## SOURCE DATA

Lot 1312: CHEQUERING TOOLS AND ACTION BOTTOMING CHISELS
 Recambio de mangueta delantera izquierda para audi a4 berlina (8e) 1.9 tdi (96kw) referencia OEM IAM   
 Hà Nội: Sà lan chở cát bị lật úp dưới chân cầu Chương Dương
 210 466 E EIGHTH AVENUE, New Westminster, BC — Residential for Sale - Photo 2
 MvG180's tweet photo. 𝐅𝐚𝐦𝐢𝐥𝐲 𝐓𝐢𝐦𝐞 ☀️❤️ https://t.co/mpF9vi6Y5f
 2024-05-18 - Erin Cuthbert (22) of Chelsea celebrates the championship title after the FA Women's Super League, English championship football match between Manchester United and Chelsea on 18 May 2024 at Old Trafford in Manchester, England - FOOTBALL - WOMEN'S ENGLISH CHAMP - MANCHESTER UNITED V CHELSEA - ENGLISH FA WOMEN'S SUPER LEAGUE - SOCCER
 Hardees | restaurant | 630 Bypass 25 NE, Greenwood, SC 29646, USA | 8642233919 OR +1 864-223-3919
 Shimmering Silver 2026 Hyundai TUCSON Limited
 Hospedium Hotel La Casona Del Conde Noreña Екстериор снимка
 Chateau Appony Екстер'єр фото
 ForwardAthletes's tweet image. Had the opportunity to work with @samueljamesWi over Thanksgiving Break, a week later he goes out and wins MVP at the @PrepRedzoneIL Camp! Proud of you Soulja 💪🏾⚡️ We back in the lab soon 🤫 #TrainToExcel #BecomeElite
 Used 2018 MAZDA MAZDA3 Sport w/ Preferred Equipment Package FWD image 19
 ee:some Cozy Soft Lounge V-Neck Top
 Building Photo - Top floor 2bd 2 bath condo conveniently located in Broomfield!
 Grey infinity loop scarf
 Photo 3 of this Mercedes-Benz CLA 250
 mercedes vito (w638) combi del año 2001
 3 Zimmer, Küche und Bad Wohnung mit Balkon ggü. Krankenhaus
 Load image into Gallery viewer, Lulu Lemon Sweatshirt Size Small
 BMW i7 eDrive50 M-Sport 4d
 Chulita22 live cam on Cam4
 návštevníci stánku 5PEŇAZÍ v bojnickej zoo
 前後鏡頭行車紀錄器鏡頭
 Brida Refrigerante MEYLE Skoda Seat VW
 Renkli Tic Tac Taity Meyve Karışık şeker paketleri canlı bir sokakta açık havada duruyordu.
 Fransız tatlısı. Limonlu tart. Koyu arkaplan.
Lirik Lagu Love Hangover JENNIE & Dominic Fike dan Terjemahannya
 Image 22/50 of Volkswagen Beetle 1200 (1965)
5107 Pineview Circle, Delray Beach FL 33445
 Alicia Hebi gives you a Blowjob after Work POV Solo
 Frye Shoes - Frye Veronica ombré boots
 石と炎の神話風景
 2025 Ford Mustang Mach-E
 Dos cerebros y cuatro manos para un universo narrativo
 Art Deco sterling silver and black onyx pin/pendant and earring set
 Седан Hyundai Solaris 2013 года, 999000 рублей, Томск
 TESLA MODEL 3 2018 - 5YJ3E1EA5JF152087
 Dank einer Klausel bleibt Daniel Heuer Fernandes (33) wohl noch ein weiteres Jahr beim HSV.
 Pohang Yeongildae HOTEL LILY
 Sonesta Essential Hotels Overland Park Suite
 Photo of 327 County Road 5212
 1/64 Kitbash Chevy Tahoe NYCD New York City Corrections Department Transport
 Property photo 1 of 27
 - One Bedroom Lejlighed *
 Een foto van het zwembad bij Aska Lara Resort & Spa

## TASK OBJECTIVE
The response should contain only a verbatim copy of the lines from the line with "Lirik Lagu Love" to the final line of the records.

## TASK SOLUTION
Lirik Lagu Love Hangover JENNIE & Dominic Fike dan Terjemahannya
 Image 22/50 of Volkswagen Beetle 1200 (1965)
5107 Pineview Circle, Delray Beach FL 33445
 Alicia Hebi gives you a Blowjob after Work POV Solo
 Frye Shoes - Frye Veronica ombré boots
 石と炎の神話風景
 2025 Ford Mustang Mach-E
 Dos cerebros y cuatro manos para un universo narrativo
 Art Deco sterling silver and black onyx pin/pendant and earring set
 Седан Hyundai Solaris 2013 года, 999000 рублей, Томск
 TESLA MODEL 3 2018 - 5YJ3E1EA5JF152087
 Dank einer Klausel bleibt Daniel Heuer Fernandes (33) wohl noch ein weiteres Jahr beim HSV.
 Pohang Yeongildae HOTEL LILY
 Sonesta Essential Hotels Overland Park Suite
 Photo of 327 County Road 5212
 1/64 Kitbash Chevy Tahoe NYCD New York City Corrections Department Transport
 Property photo 1 of 27
 - One Bedroom Lejlighed *
 Een foto van het zwembad bij Aska Lara Resort & Spa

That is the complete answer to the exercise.